Quickstart¶
This guide creates two related tables, inserts data, queries it, and previews a migration diff.
Create A Database¶
from pydantic import BaseModel, Field
from ormdantic import Ormdantic, TableForeignKey, selectinload
db = Ormdantic("sqlite:///quickstart.sqlite3")
Define Tables¶
@db.table(pk="id", indexed=["name"])
class Supplier(BaseModel):
id: str
name: str = Field(min_length=2)
@db.table(
pk="id",
indexed=["name"],
foreign_key_constraints=[
TableForeignKey(
name="flavor_supplier_fk",
columns=["supplier"],
foreign_table="supplier",
foreign_columns=["id"],
on_delete="cascade",
)
],
)
class Flavor(BaseModel):
id: str
name: str
supplier: Supplier | str | None = None
Supplier and Flavor are normal Pydantic models. The decorators register database metadata with db.
Create Schema¶
async def setup() -> None:
await db.init()
init() builds the native runtime and creates registered tables, namespaces, sequences, and views.
Insert Rows¶
async def seed() -> None:
supplier = await db[Supplier].insert(
Supplier(id="s1", name="North Roasters")
)
await db[Flavor].insert(
Flavor(id="f1", name="Vanilla", supplier=supplier)
)
db[Model] returns a Table[Model] handle. The handle owns CRUD and query methods for that model.
Query Rows¶
async def query() -> None:
flavors = await db[Flavor].find_many(
{"name": {"like": "Van%"}},
order_by=["name"],
load=[selectinload("supplier")],
)
for flavor in flavors.data:
print(flavor.name, flavor.supplier.name if flavor.supplier else None)

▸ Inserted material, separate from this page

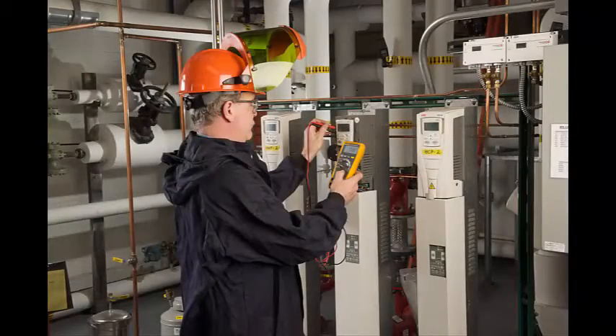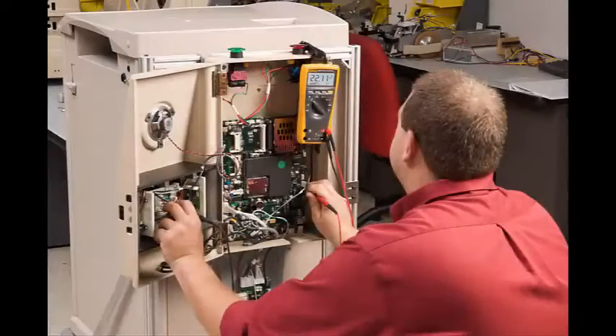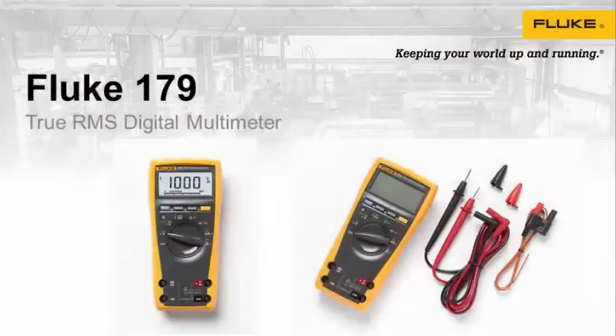The Fluke 179 Digital Multimeter features manual and automatic ranging, display and auto hold features, frequency and capacitance measurements, resistance, continuity and diode measurements, temperature measurements, min-max average recording, closed case calibration through the front panel, and an ergonomic case with an integrated protective holster.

Use dictionary filters for simple queries and expression helpers for composed SQL.
Use A Session¶
async def with_session() -> None:
async with db.session() as session:
supplier = Supplier(id="s2", name="South Roasters")
flavor = Flavor(id="f2", name="Mocha", supplier_id="s2")
session.add(supplier)
session.add(flavor)
The session is a small async unit-of-work wrapper. It flushes staged changes and commits on successful context exit.
Preview A Migration¶
def preview_migration() -> list[str]:
before = db.migrations.live_snapshot()
after = db.migrations.snapshot()
return db.migrations.dry_run(before=before, after=after)
Use migrations when the database already exists and you want planned SQL instead of create_all().